About this task: Return the line that has "Rustic Lake Panel" and all lines below it through the last, exactly as they stand; omit pictures.

Given data:
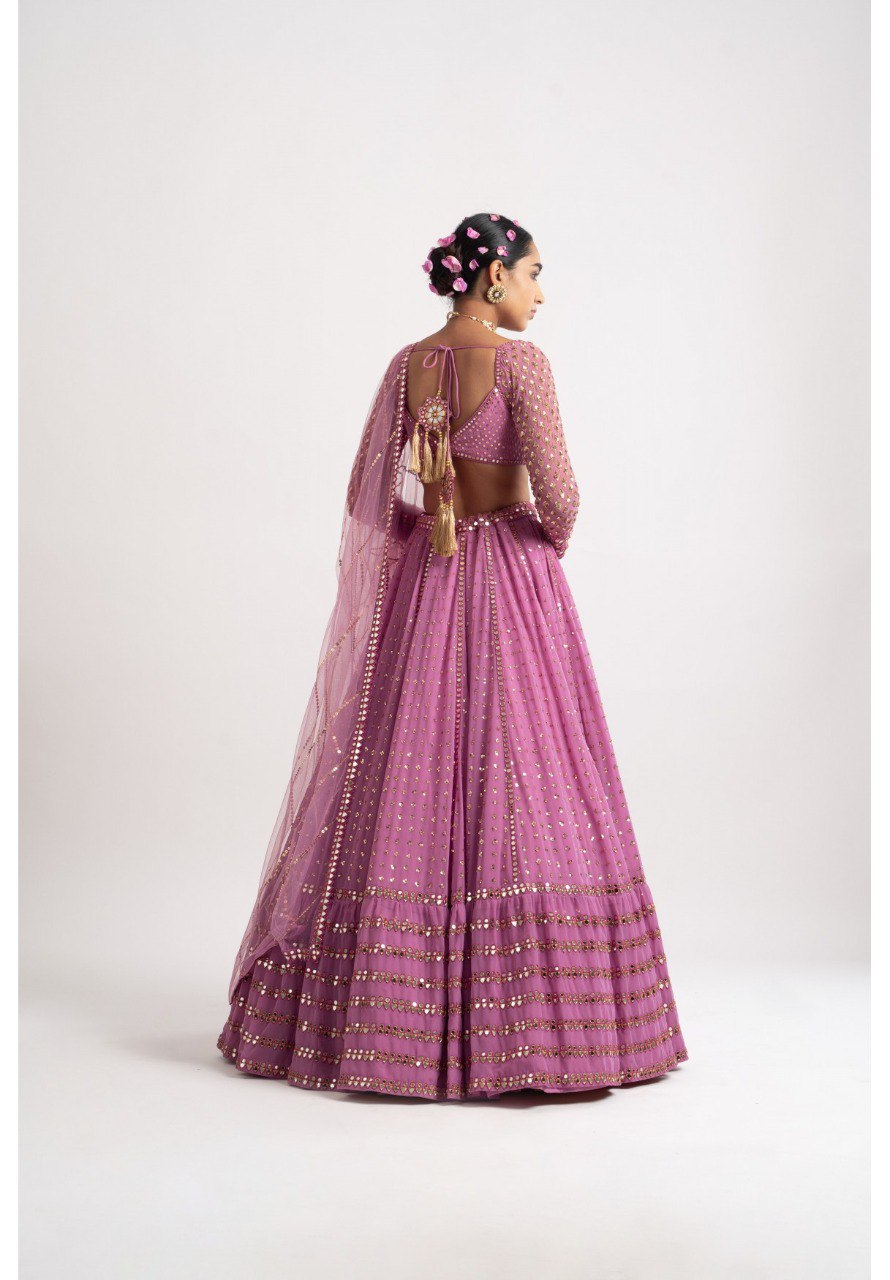 Metallic Pink Faux Georgette Sequined Lehenga Choli with Dupatta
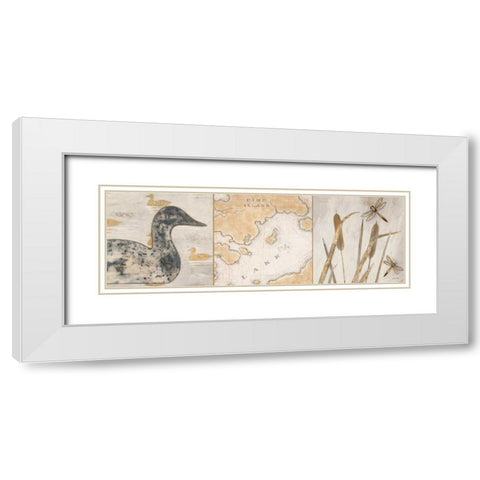 Rustic Lake Panel White Modern Wood Framed Art Print with Double Matting by Fisk, Arnie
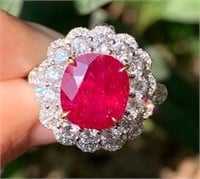 3.16ct Natural Ruby Ring in 18k Yellow Gold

Result for this exercise:
 Rustic Lake Panel White Modern Wood Framed Art Print with Double Matting by Fisk, Arnie
 3.16ct Natural Ruby Ring in 18k Yellow Gold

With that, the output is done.